Objectives In a large project on “Mental health in the working world”, the German Federal Institute for Occupational Safety and Health aims at producing a broadbased state of scientific evidence with regard to mental load and health. Within this project, the aim was to undertake a scoping review on the association of organisational justice based on the theories of Colquitt (2001) and Cohen-Carash und Spector (2001) and selected health outcomes

Methods In a systematic literature search (PubMed, PsycINFO/PsycARTICLES/PSYNDEX (EBSCO Host) from January 1, 2000 until October 15, 2014), English and German articles from mainly Western cultures amongst others on mental health (MH) and cardiovascular diseases (CVD) were identified.
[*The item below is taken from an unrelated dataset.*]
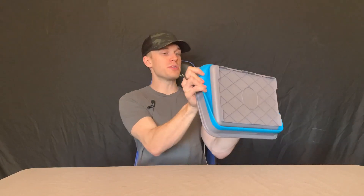This holds about 10 liters of water. How to use it is super simple — all you do is just pop it out like so, and you get yourself a little bucket.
Results After the first screening, 249 articles were retrieved of which 126 articles relevant for organisational justice were analysed (MH n = 106, CVD n = 9). The outcomes most frequently under study were burnout (n = 37) and depression (n = 17). Most studies were cross-sectional (n = 108), only 24 longitudinal. Exposure assessment was heterogeneous, with various scales of procedural justice (n = 47) most frequently used, followed by distributive justice (n = 31), and interactional justice (n = 8) and its subscales interpersonal justice (n = 14) and informational justice (n = 12). Associations were generally homogeneous in favour of higher justice associated with better health. The risk estimates were modest. For the association of organisational justice and depression in the longitudinal studies (n = 7), reverse causality could not be excluded. Three analyses of two prospective cohort studies show an association of organisational justice and cardiovascular diseases.

Conclusions Research gaps were identified particularly regarding the need for prospective cohort studies using validated instruments in different industrial sectors. The additional measurement of organisational justice is relevant and complements other models like the job-demand-control-model and Effort-reward-imbalance.